─── Entries provided
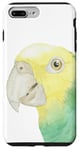 Coque pour iPhone 7 Plus/8 Plus portrait aquarelle perroquet amazon tête jaune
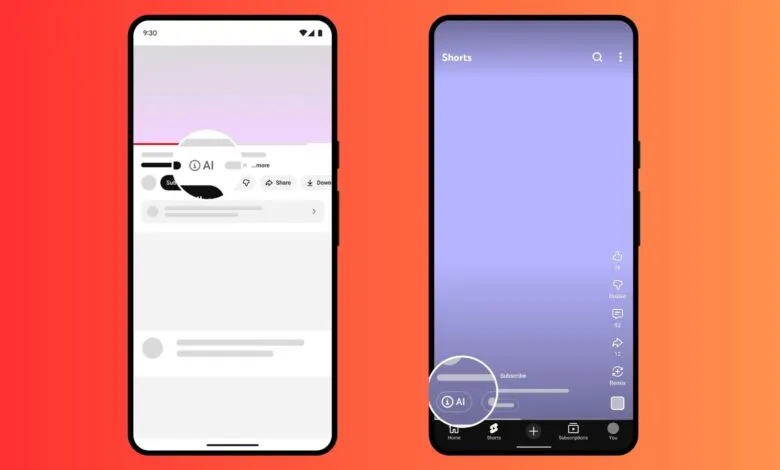 YouTube app interface showing video and Shorts screens on mobile.
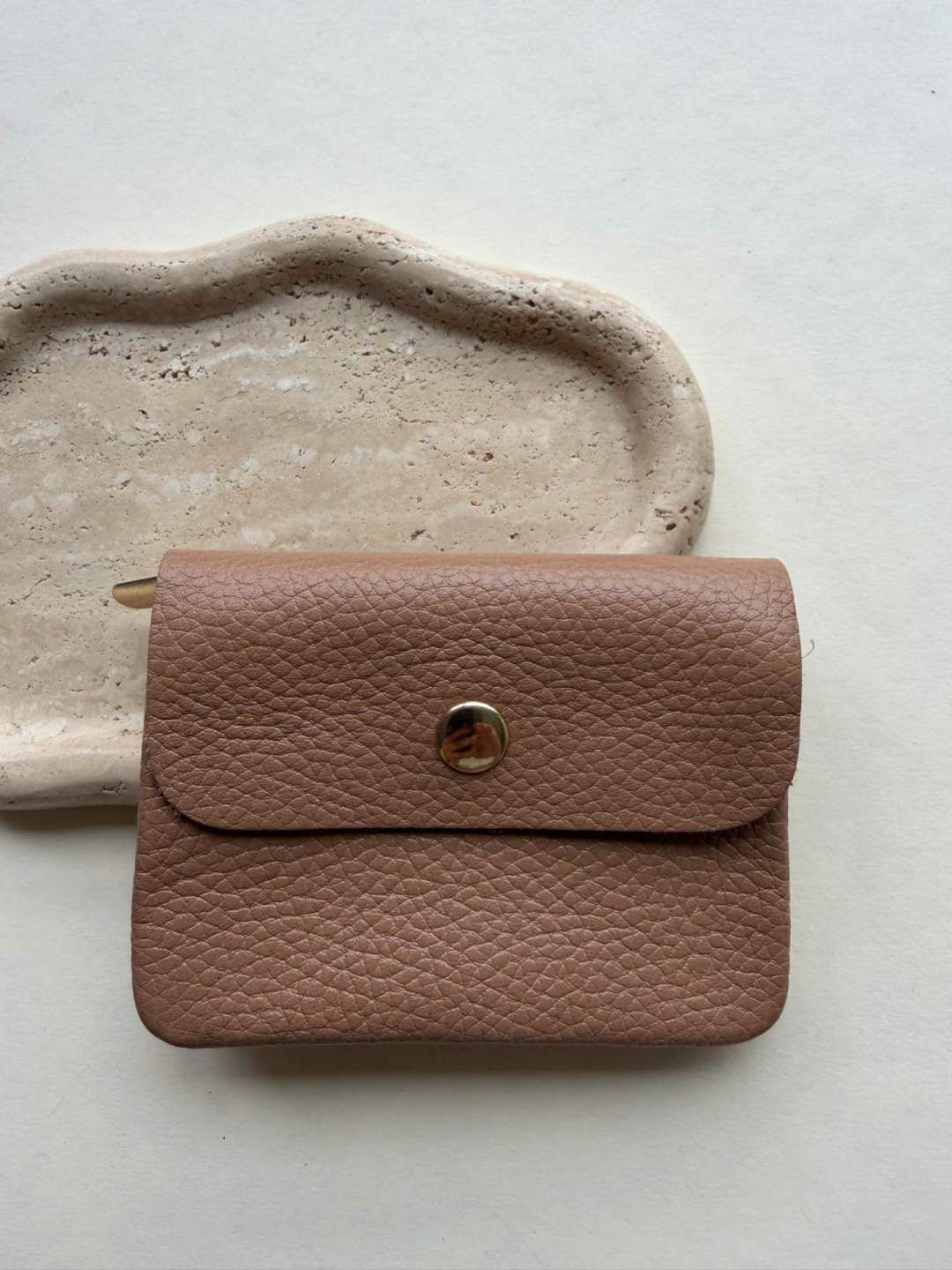 Lederen portefeuille - camel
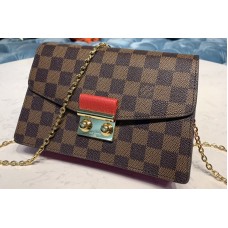 Louis Vuitton N60288 Croisette chain wallet in Damier Ebene canvas With Red Leather Louis Vuitton N60288 Croisette chain wallet in Damier Ebene canvas With Red Leather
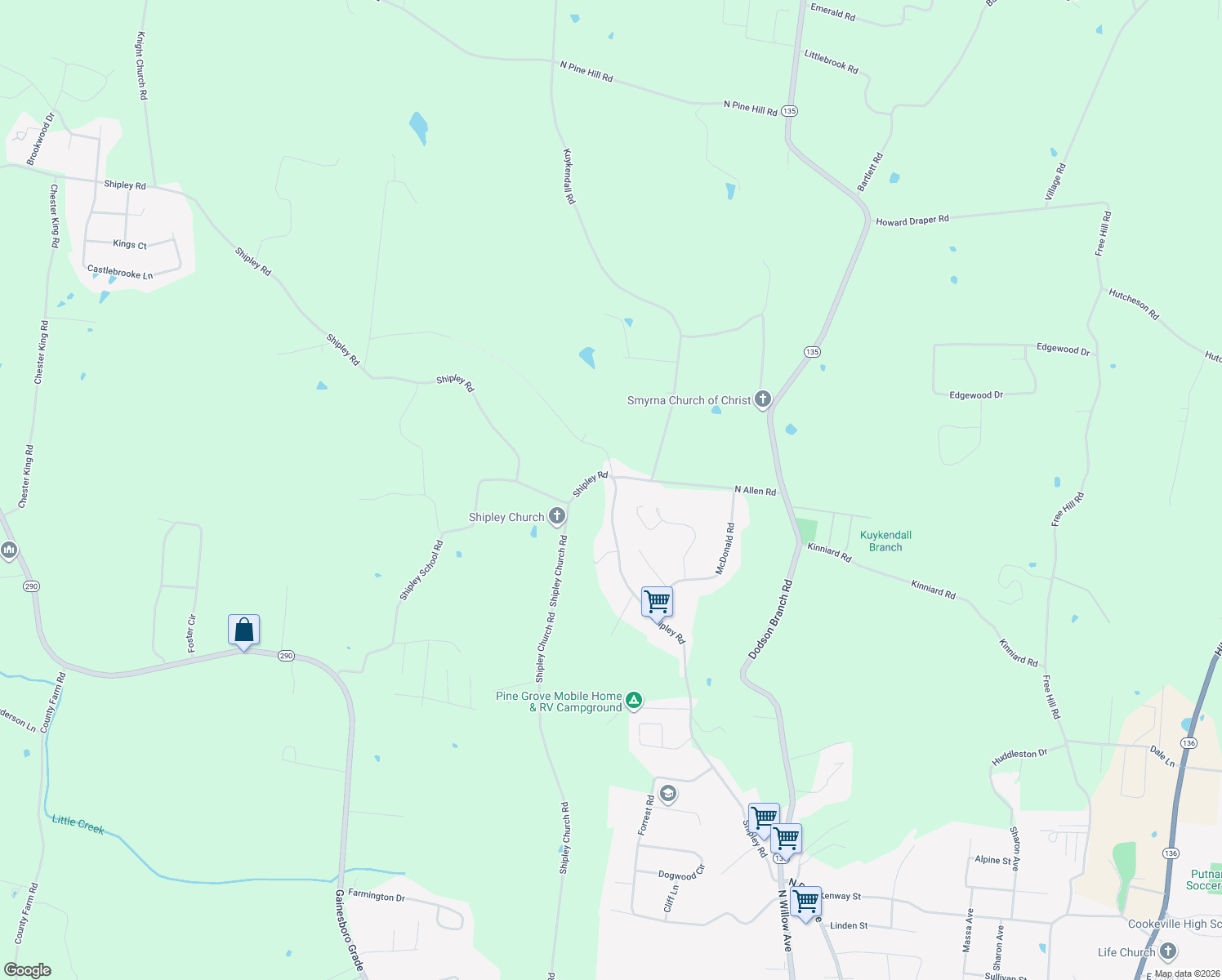 map of restaurants, bars, coffee shops, grocery stores, and more near 2142 Shipley Road in Cookeville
──────
▶ [What is being asked]: Output the records above exactly, omitting the pictures.

▶ [Result of the task]:
 Coque pour iPhone 7 Plus/8 Plus portrait aquarelle perroquet amazon tête jaune
 YouTube app interface showing video and Shorts screens on mobile.
 Lederen portefeuille - camel
 Louis Vuitton N60288 Croisette chain wallet in Damier Ebene canvas With Red Leather Louis Vuitton N60288 Croisette chain wallet in Damier Ebene canvas With Red Leather
 map of restaurants, bars, coffee shops, grocery stores, and more near 2142 Shipley Road in Cookeville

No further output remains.